To configure a jailbreak guardrail, adjust the confidence threshold. The confidence threshold is set to 70% by default.

Hallucination guardrails

Configure hallucination guardrails to detect factually incorrect or fabricated information based on a confidence threshold. Hallucination guardrails are applied to the model you select in the guardrails block.

To configure a hallucination guardrail, adjust the confidence threshold. The confidence threshold is set to 70% by default.

Regex pattern guardrails

Configure a regex pattern guardrail to detect text that matches a specific, regular expression pattern.

You can use this guardrail to validate data, for example, to verify email formats. You can also use this guardrail to search for data or parse data in a large text block.

To configure the pattern to match, enter the pattern string in the Regex Pattern field using Python regular expression syntax.

You can include string literals, special characters, and logical operators in the pattern string. To enter groups of patterns, enclose each pattern within parentheses. You can use a pipe character (|) as a logical OR to match multiple patterns in the same string.

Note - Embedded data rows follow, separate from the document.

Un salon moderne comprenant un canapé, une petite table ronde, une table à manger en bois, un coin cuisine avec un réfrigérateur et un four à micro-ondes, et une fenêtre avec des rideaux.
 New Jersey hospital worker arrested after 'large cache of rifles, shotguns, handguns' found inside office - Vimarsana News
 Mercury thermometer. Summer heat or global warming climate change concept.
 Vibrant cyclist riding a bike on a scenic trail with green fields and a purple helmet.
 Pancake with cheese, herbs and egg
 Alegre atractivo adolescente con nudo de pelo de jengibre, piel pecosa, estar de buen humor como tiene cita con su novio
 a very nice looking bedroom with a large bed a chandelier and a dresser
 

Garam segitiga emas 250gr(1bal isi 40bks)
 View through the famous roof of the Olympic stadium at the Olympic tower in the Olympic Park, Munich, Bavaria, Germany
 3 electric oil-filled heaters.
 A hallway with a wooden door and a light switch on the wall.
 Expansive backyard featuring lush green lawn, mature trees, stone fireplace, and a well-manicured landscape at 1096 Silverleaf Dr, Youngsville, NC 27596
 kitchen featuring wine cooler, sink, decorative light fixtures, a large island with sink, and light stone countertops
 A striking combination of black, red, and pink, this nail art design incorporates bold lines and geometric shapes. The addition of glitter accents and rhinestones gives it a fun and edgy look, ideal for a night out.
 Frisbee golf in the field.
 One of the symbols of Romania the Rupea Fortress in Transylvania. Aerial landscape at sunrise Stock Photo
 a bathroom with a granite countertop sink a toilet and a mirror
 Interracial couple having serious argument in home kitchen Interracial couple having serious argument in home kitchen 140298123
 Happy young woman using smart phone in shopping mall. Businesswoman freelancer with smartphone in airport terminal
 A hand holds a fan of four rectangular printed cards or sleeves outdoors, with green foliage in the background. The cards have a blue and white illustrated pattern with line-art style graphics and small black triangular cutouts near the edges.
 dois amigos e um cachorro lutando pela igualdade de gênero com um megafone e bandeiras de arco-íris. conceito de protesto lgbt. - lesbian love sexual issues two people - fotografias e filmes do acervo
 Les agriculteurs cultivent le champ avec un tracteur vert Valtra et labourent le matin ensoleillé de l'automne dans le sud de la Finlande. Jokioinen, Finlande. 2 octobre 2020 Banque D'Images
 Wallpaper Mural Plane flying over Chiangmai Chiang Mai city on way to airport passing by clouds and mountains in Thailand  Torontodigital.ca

For example, you want to flag a string in the user prompt that contains any of the following information:

•Email IDs in the format "name@domain.com," or
•Phone numbers of 10-15 digits optionally starting with a plus sign (+), or
•Indian PAN card numbers of five uppercase letters, followed by four digits, followed by an uppercase letter

Enter the following pattern:

\b(?:[A-Za-z0-9._%+-]+@[A-Za-z0-9.-]+\.[A-Za-z]{2,}|\+?\d{10,15}|[A-Z]{5}[0-9]{4}[A-Z])\b

For more information about Python regular expression syntax, see the "re - Regular expression operations" topic in the Python Standard Library.